Work task → Restate word for word all of the lines below, with each image left out.

Data extract →
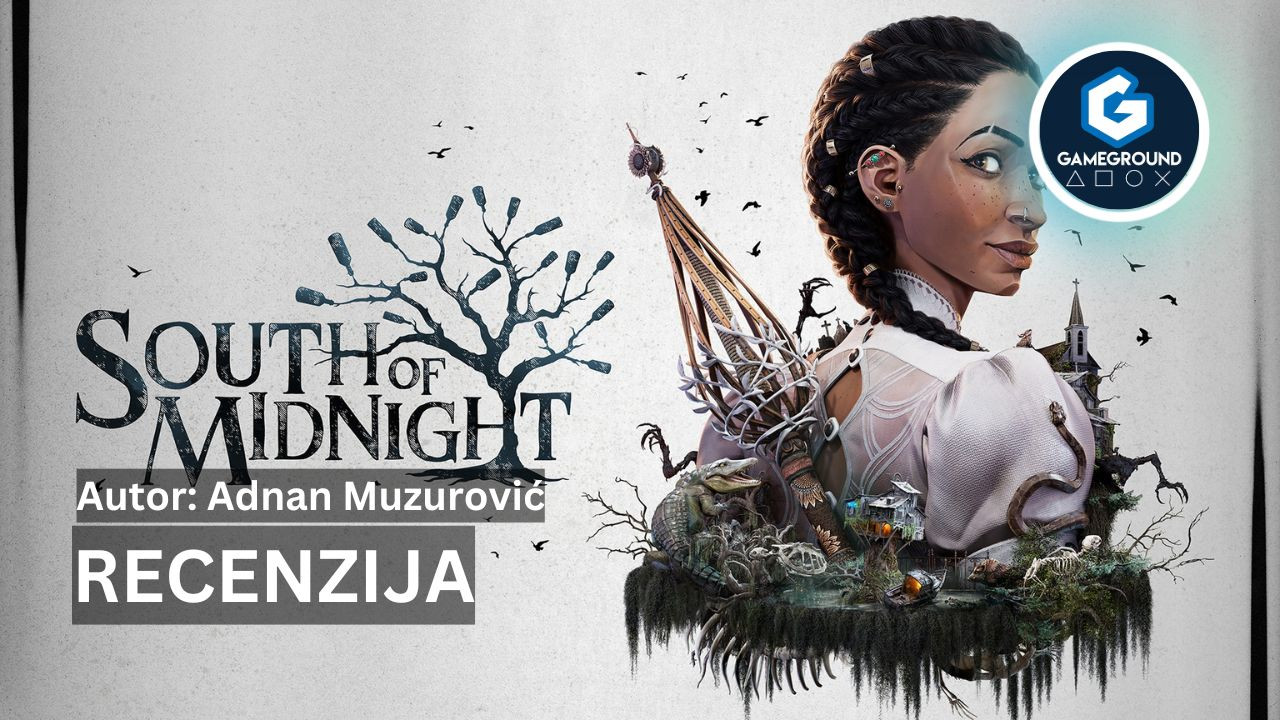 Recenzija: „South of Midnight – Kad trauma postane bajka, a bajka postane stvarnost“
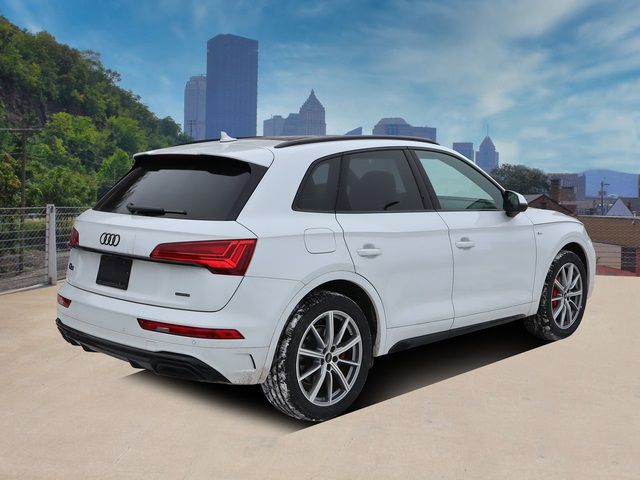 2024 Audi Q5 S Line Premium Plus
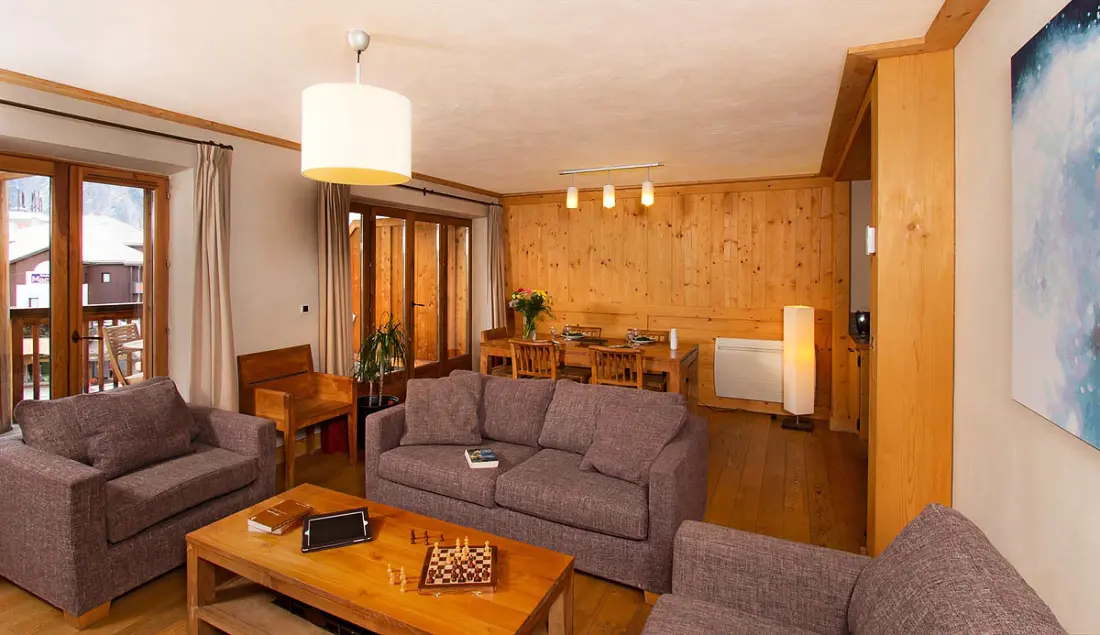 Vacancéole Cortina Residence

Exercise solution →
 Recenzija: „South of Midnight – Kad trauma postane bajka, a bajka postane stvarnost“
 2024 Audi Q5 S Line Premium Plus
 Vacancéole Cortina Residence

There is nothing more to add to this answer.